While labor leaders’ job is to protect their members’ interests, government officials need to protect society’s future, but “the future that most elected officials worry most about is their own,” he said, adding that re-election-minded officials become “prisoners to the labor contracts of yesteryear.”

Bloomberg has been locked in an increasingly bitter clash with unions in recent years, during which contracts with virtually all city workers have been allowed to lapse as he pressed for employees to forgo back raises and pay more for health insurance. He says the city can’t afford to do otherwise; union leaders have said he’s unfairly trying to squeeze workers when the city has ended recent budget years with surpluses.

Especially since Detroit’s recent bankruptcy, mayors in many cities around the country have begun pushing to change the pensions that have long been seen as a prized — sometimes the primary — benefit of government jobs. Some have proposed replacing or reducing traditional pensions in favor of what are called defined-contribution plans, like a 401(k), at least for new employees.

Bloomberg suggests New York City employees should have a choice between the two types of plans.

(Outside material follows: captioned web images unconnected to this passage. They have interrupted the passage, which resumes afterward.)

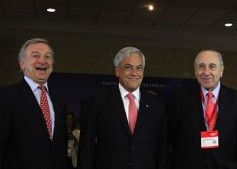 Piñera, Larraín y el empresariado defienden el modelo y advierten de los peligros del populismo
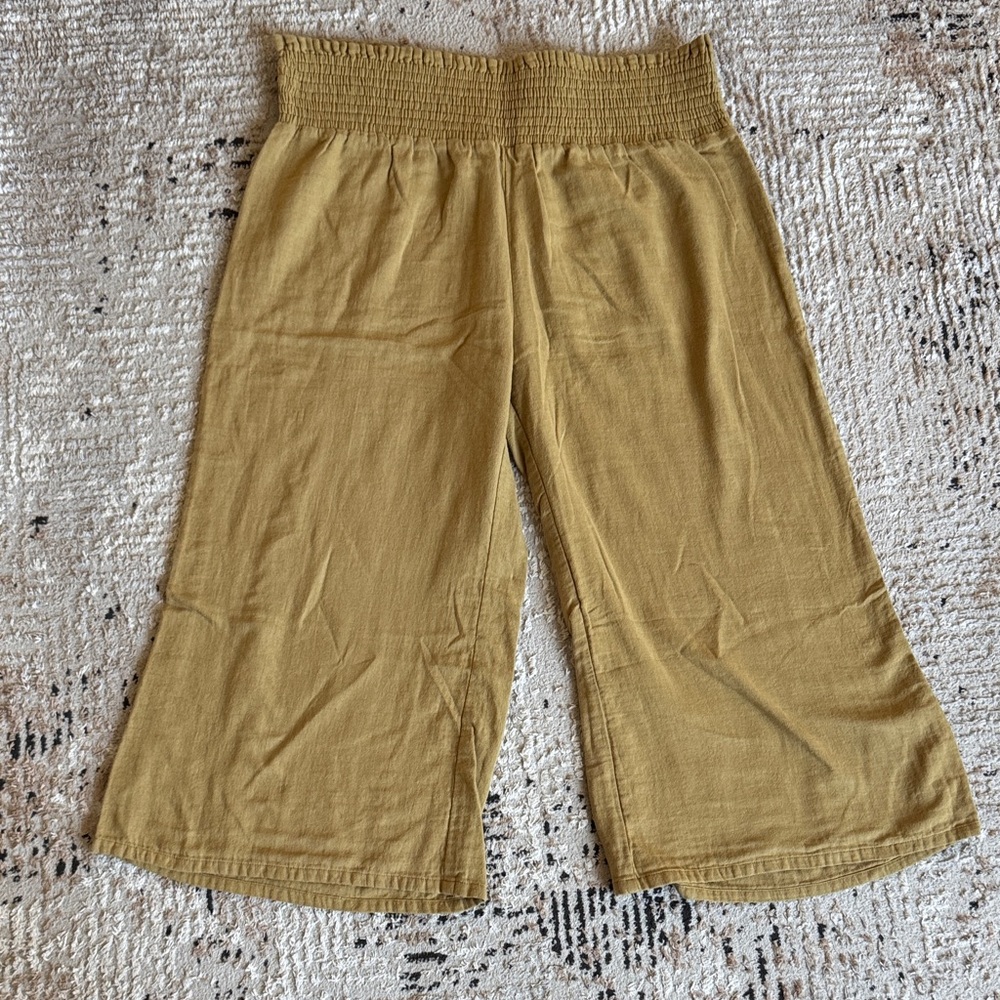 Kate Quinn Mustard Gaucho pants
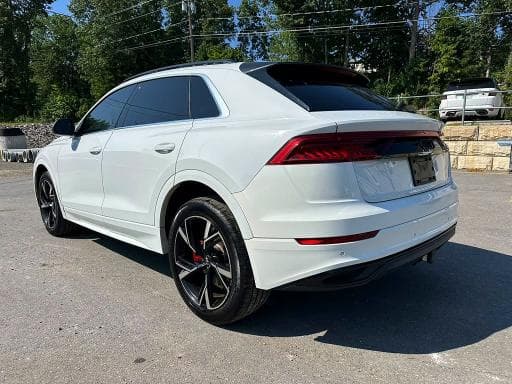 2019 AUDI Q8 PREMIUM 2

In New York, the annual pension cost has risen from about $1.5 billion a year to $8.2 billion a year in 12 years, draining money that could otherwise have gone to affordable housing, tax cuts, schools or a host of other purposes, Bloomberg said. And health insurance costs have doubled since 2002, to $6.3 billion this year, he said this summer.

Bloomberg, a billionaire businessman Democrat-turned-Republican-turned-independent, leaves office Dec. 31. His successor, Democratic Mayor-elect Bill de Blasio, hasn’t said what he aims to do about the expired contracts, the potentially billions of dollars in back raises that unions are seeking or the problem of pension and health costs.